For all of us, including architects, this requires a holistic approach to design, no matter how small the project at hand or how confined the program. As we approach the end of humankind’s most environmentally disastrous century (and the much vaunted new millennium), architectural commissions which overtly call for true sustainability still appear to be as rare as hen’s teeth. So it is important that we infuse our projects with those elements of sustainability which are practical, which enrich the project while safeguarding its budget, and which thereby add to a growing storehouse of ideas and technologies which may be drawn on as their relevance and urgency dawns on us.
That, in any case, has been the approach which my firm has pursued over the past twenty plus years.
And fortunately the urgency does appear to be dawning and leading to projects which call for an increasingly holistic approach. An outstanding example is the master plan and building program for an Environmental Learning Centre commissioned by the Kitchener-Waterloo YMCA.
ENVIRONMENTAL LEARNING CENTRE
The Environmental Learning Centre (ELC) proposes to incorporate the most comprehensive and ambitious physical embodiment of sustainable architecture and planning known to the client and its consultants.
The architect was brought in at a very early stage in the process to collaborate with the client in selecting a highly diverse team, exploring and clarifying objectives and program requirements, developing a master plan and identifying a first phase project (presently under construction).
An existing camp set in 77 acres (31 hectares) of strikingly varied landscape character on Paradise Lake, 16 kilometers from Waterloo.

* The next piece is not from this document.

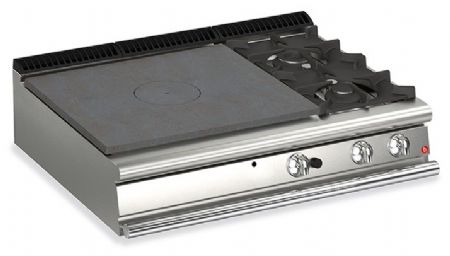 Fourneau à plaque de cuisson à poser 2 feux vifs gaz + plaque coup de feu - Gamme Queen 900 - Baron - 90QTPG123DX Fourneau à plaque de cuisson à poser 2 feux vifs gaz + plaque coup de feu - Gamme Queen 900 - Baron - 90QTPG123DX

Some existing buildings have already been upgraded and retro-fitted to demonstrate a variety of energy conserving technologies and techniques, others will be either re-located to another site or demolished.
The following Core Objective of the ELC guides all decisions:
“To operate an integrated environment (of natural features, buildings, technologies and programs) which will gently encourage and inspire transformation in the lifestyles of all who visit and help them ‘live more lightly on the earth.’
The entire site to be the teacher of environmental principles, to imbue environmental values.”
A key proposition is that a thematic concept be developed for the site. Each area of development should respond to and heighten an awareness of the landscape character of that particular place. Also, in selecting design strategies and technologies, a variety of approaches to sustainability should be illustrated (it was recognized that the “experts” should not necessarily be the final arbiters of environmental correctness).
The first phase project includes the construction of two new buildings, the Day Centre and the Earth Residences, as well as associated site services and landscape work.
Program and Site
Acting as the main arrival, orientation and information point for the Centre, it is appropriately located in a prominent central location at the high point of a gently south sloping meadow. It is planned as the one building which will command its site rather than blend demurely into it.
The three primary spaces are a Great Hall, a Resource Centre/Office and a Greenhouse. The Great Hall allows up to seventy people to assemble or provides a place for exhibits. The Resource Centre/Office will house up-to-date educational material on all manner of environmentally appropriate technologies and sources of information, materials or skills. And the south-facing Greenhouse will demonstrate a variety of natural processes described below.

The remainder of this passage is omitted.